As this only took place long after the Appeals Court decided to hear the appeal, and decided that the case should go to mediation—and as the dismissal does not cite any other material basis for that ruling—the resultant impression is decidedly mixed.
The Court of Appeals demonstrated, in multiple ways, skepticism that the Common Pleas Court's dismissal was an above-reproach judgment. The Court of Appeals then dismissed the appeal, itself, solely based on the outcome of a referendum which took place more than a year after the meetings charged with violating the law. From a lay perspective (and nothing more than that), the dismissal appears to say "having called a lower court's judgment of this matter into question, we now decline to rule one way or another on whether certain activities broke the law, owing to an event which took place after the activities."
It's entirely understandable that consternation has followed, on the part of both parties in the case. In fairness to the Appeals Court, the judiciary's primary job is to issue judgments on the basis of often complex law, rather than to practice public relations. (For example, it is odd that the court scheduled a mediation hearing after the outcome of the referendum, then determined that this outcome merited outright dismissal of the case. But, quite conceivably judges are unable to rule on a motion until it has been made. These are deep waters and an actual attorney can offer far superior speculation, at minimum.) All the same, it seems questionable to blame
Senator Skindell for causing doubt among the public about compliance with open-meeting laws, as part of a devious scheme.
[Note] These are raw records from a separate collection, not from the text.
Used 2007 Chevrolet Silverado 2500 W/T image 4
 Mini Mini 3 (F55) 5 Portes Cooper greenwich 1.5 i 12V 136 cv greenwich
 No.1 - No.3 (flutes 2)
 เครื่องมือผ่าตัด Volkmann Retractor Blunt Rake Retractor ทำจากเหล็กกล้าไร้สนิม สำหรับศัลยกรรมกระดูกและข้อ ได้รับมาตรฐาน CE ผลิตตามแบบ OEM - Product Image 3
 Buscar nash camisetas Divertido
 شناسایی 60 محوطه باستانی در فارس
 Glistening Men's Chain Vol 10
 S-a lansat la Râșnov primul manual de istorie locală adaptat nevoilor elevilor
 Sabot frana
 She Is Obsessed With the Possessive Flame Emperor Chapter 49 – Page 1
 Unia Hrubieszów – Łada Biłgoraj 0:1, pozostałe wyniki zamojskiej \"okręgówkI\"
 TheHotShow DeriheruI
Once more: He has proposed that his actions are motivated by concern over violation of open-meeting laws. His record and corroborating interpretations argue that this explanation is sincere; the Appeals Court's own action suggests that his personal judgment is at minimum not an unreasonable one.
One may still differ with his judgment. But asserting that it is completely unreasonable, or that therefore he is acting deceptively based on some secret and dishonorable motivation, does seem unwarranted.